# WORK ORDER
Write out exactly, excluding pictures, the lines from the one containing "E-shop Ultraleichte aufblasbare" through the end of the data, both included.

# RECORDED INFORMATION
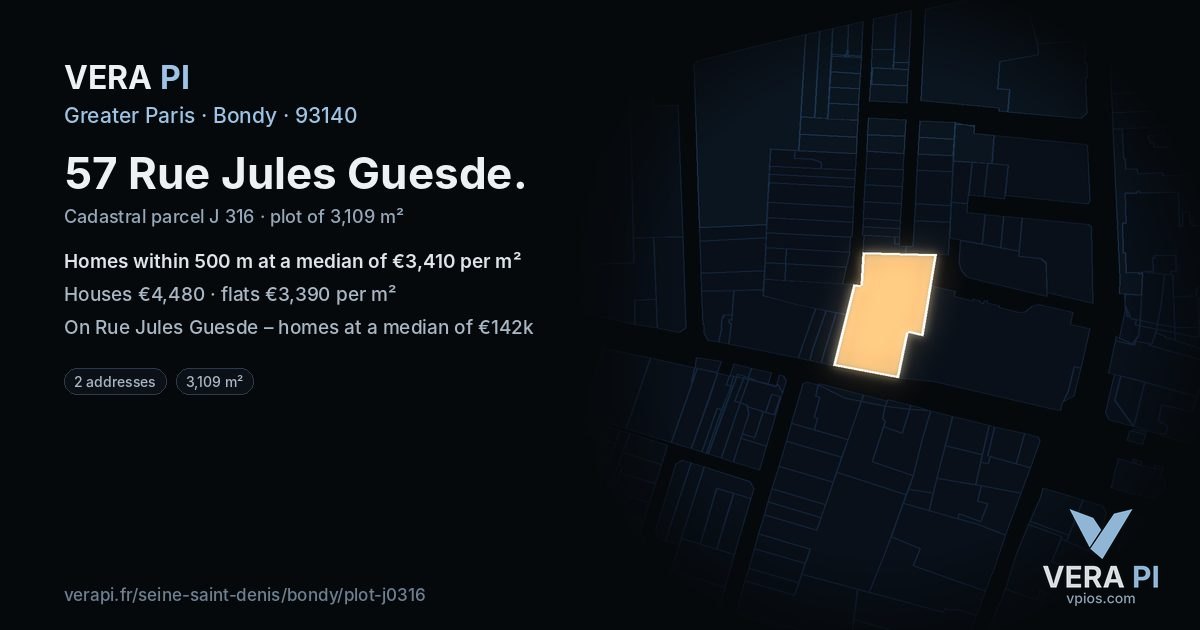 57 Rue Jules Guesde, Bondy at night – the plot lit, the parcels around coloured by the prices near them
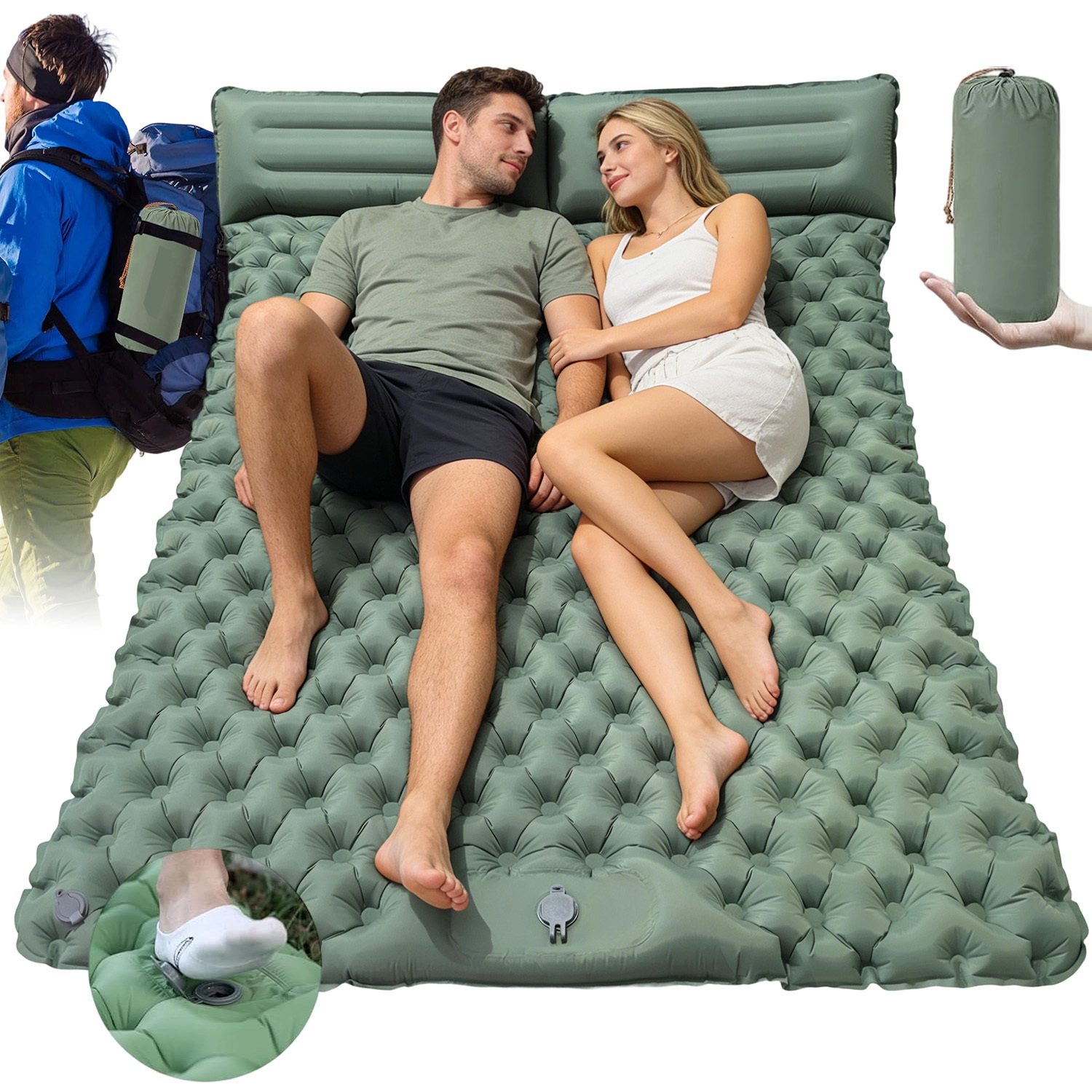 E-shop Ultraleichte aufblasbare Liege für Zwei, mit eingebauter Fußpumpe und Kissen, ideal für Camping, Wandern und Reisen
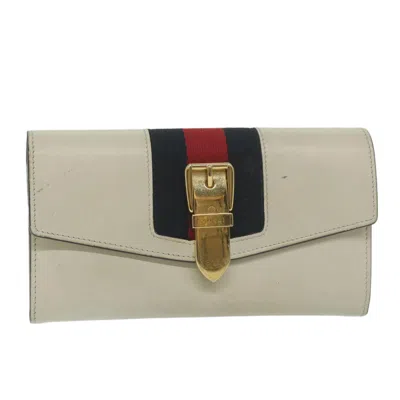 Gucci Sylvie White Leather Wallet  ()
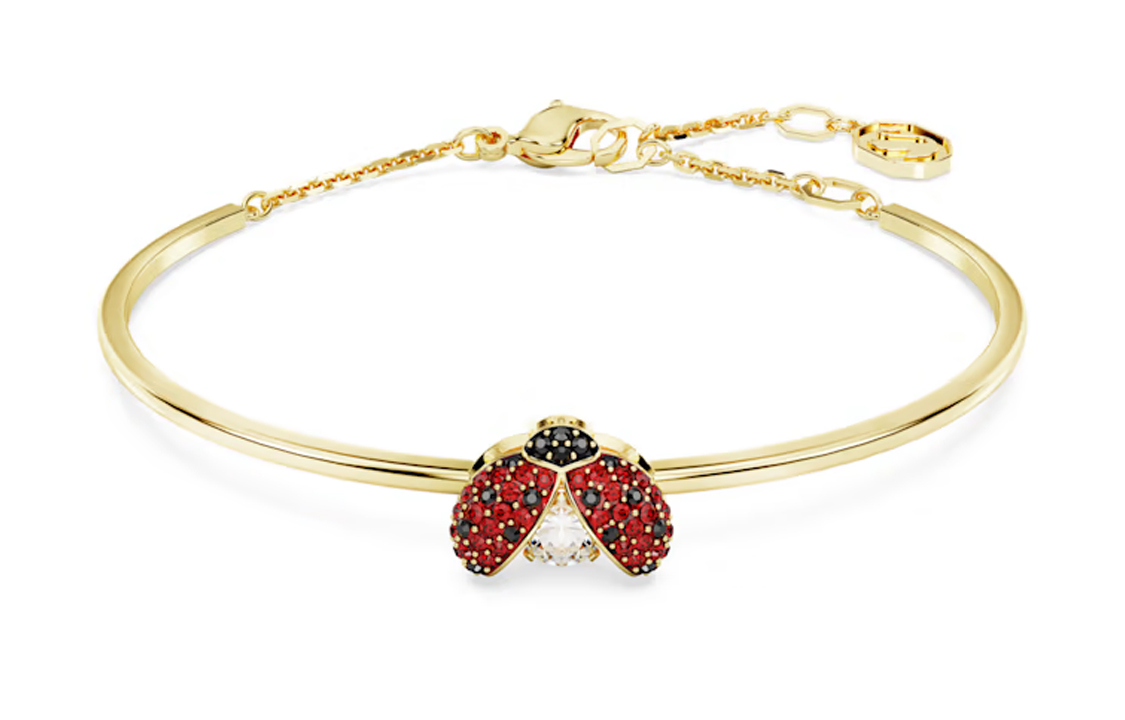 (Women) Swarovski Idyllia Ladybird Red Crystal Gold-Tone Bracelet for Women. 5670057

# ANSWER BOX
 E-shop Ultraleichte aufblasbare Liege für Zwei, mit eingebauter Fußpumpe und Kissen, ideal für Camping, Wandern und Reisen
 Gucci Sylvie White Leather Wallet  ()
 (Women) Swarovski Idyllia Ladybird Red Crystal Gold-Tone Bracelet for Women. 5670057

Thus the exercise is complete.